Thank you Sudheer. This is really helpful. That at least gives some
justification for the current behavior: try to communicate the lifetime of
the object to something in the future so the upstream clients or proxies
don't think they need to revalidate their cached objects. It is
insufficient, unfortunately, since the mechanism doesn't remove any max-age
directives which would override the Expires header. Take for example these
following responses, the first being what the origin Proxy Verifier replied
with and with which the cache was populated:

 [0]: Wrote 134 bytes in an HTTP/1 response to request with key 1 with
response status 200:
- "content-length": "32"
- "cache-control": "max-age=2"
- "date": "Thu, 25 Mar 2021 19:02:17 GMT"

Note the Date is for yesterday.
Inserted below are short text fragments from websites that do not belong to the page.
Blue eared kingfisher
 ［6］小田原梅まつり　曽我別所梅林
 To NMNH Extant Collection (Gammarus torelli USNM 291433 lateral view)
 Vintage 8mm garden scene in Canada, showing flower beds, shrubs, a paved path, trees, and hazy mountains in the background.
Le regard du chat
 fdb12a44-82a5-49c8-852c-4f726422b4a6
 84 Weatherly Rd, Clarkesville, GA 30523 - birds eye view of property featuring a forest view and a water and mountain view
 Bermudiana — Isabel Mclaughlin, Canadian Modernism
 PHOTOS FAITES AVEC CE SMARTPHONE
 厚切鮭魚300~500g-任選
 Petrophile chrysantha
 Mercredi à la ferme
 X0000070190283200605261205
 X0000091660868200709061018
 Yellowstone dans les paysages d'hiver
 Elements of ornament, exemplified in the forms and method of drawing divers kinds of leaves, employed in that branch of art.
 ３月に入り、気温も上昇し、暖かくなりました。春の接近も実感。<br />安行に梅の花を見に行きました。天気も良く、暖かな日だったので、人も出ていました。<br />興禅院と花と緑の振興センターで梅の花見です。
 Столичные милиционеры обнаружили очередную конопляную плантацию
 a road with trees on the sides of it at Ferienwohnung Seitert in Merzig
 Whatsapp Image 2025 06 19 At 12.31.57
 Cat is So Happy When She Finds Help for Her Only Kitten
It is thus immediately stale since the
max-age is for 2 seconds.

This second is the response received by the client for this same object and
was served out of ATS's cache. Proxy Verifier was configured to reply with
a 503, thus ATS served this stale resource out of cache because of negative
revalidating since max_stale_age is 7 days (the default value), so ATS
thinks it's fresh enough:

   [0]: Received an HTTP/1 200 response for key 2 with headers:
- "content-length": "32"
- "cache-control": "max-age=2"
- "date": "Thu, 25 Mar 2021 19:02:17 GMT"
- "Expires": "Fri, 26 Mar 2021 19:44:34 GMT"
- "Connection": "keep-alive"
- "Server": "ATS/10.0.0"

You see the problem: the Expires is set to 30 minutes in the future (the
default value of negative_revalidating_lifetime). But the Date: header is
yesterday and the max-age directive is still present and says 2 seconds.
Since the RFC specifies preference of max-age directives over the Expires
header, upstream caches will still consider this stale. s-maxage would have
this problem as well. An Age header field can also be problematic for
different reasons.

I say this only to clarify in more detail the limitations of what is
currently done with the Expires header. None of this invalidates your
observations. I'm more comfortable with and prefer option 1 now: simply
document the current behavior. We can at least explain its rationale while
acknowledging briefly its limitations. It has been like this for years and
no one has expressed problems it has caused. I'll put up a documentation PR.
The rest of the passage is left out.